Drag Rehab


Above, drag planners envision wider sidewalks with trees, cafes, benches and lamp posts. Below are two views of Guadalupe from the south, showing a northbound light rail land, bike lanes on both sides of the street and four lanes of car traffic. San Antonio Street would carry the southbound light rail line.
illustrations by Francis Tsai -- Black and Vernooy Architects


Jeanette Nassour, the 43-year owner of the Cadeau gift shop on Guadalupe, is well known for her outspokenness. So it shouldn't come as a surprise that she marched into the office of University of Texas President Robert Berdahl and, she recalls, asked that the Drag be included in UT's Master Plan. According to Nassour, Berdahl was thrilled with the idea. Now, two and a half years later, a Drag makeover plan may finally be taking shape.

With Capital Metro kicking in most of the funding, the Drag project will focus on transportation and pedestrian issues in an effort to beef up foot traffic on the retail strip. Traffic-calming measures, zoning changes, and re-landscaping and redesign projects are slated to make the Drag more inviting and convenient for students and shoppers. Sidewalks will be widened and bike lanes added to both sides of Guadalupe, consequently narrowing car lanes and decreasing traffic speeds.

"You feel like you take your life in your hands crossing the street there," says Kathy Norman, president of the University Area Partners (UAP), a neighborhood group contributing $30,000 to the renovations. "We're going to make it so cars will really know they're in a pedestrian area," she adds. In addition, Guadalupe is under consideration by Capital Metro for the installation of a northbound light rail line in the next decade.

"I think it's the most fun street in town and I think it ought to be respected for its history," says Nassour. In fact, planners on both sides of the street are looking to history to inspire visions of the new Drag. Once there were trolleys, street cafes, and easy movement between UT and West Campus, and planners would like to see that day dawn again with light rail, traffic-calming measures, and a revitalization of street life. For its part, UT plans to shorten the imposing limestone walls fronting Guadalupe and reinstall sloping lawns that stop at the street, while Drag merchants will need to challenge current city zoning ordinances to reinstate sidewalk cafes to the area. "I think restaurants are the thing that'll make the street really pop," says Nassour.


photograph courtesy of Austin History Center -- Austin Public Library

Drag rehab planners want a return to days of sloping green lawns and high foot traffic (above), while today's retail strip on Guadalupe is due for a multi-million dollar makeover (below).
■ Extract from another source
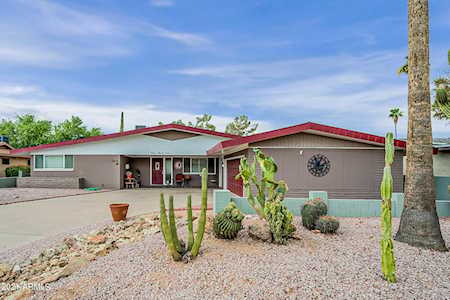 942 S Saranac Avenue Mesa, AZ 85208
photograph by John Anderson

The UAP, Capital Metro, and UT are paying for the installation of benches, street lamps, and bulletin board kiosks along both sides of the street, as well as for an aggressive campaign of tree-planting. In addition, public art projects -- such as pavement and sidewalk designs -- will be included in the redesign of the area. According to Capital Metro's project manager, Andre Tanner, planners are going for a "European type of flair."

While UAP will continue to fund the "soft" expenses such as architect's and lawyer's fees, Capital Metro's infrastructure improvements are broken down into three phases, not necessarily corresponding with UT's building schedule. Phase One is set to begin in March 1998 between 21st and 24th Streets at a cost of $2.6 million funded out of Capital Metro's Build Greater Austin fund, though final approval of those funds is not slated until next month. Phase Two will cover the stretches from Martin Luther King Boulevard to 21st Street, and 24th to 26th Streets. Phase Three will finish up the project with 26th to 29th Streets. Neither the second nor third phases has been scheduled or budgeted yet.

UT-sponsored studies of the Drag's economic status confirm that increasing numbers of street people and traffic congestion have turned people away from using the area for shopping and eating, a trend which Norman says bodes ill not just for area merchants: "The drag is an important area to Austin, and to the University. It can be a vibrant, wonderful place for people to work, shop, and live. And it could just as easily become a place where people don't want to go." -- K.V.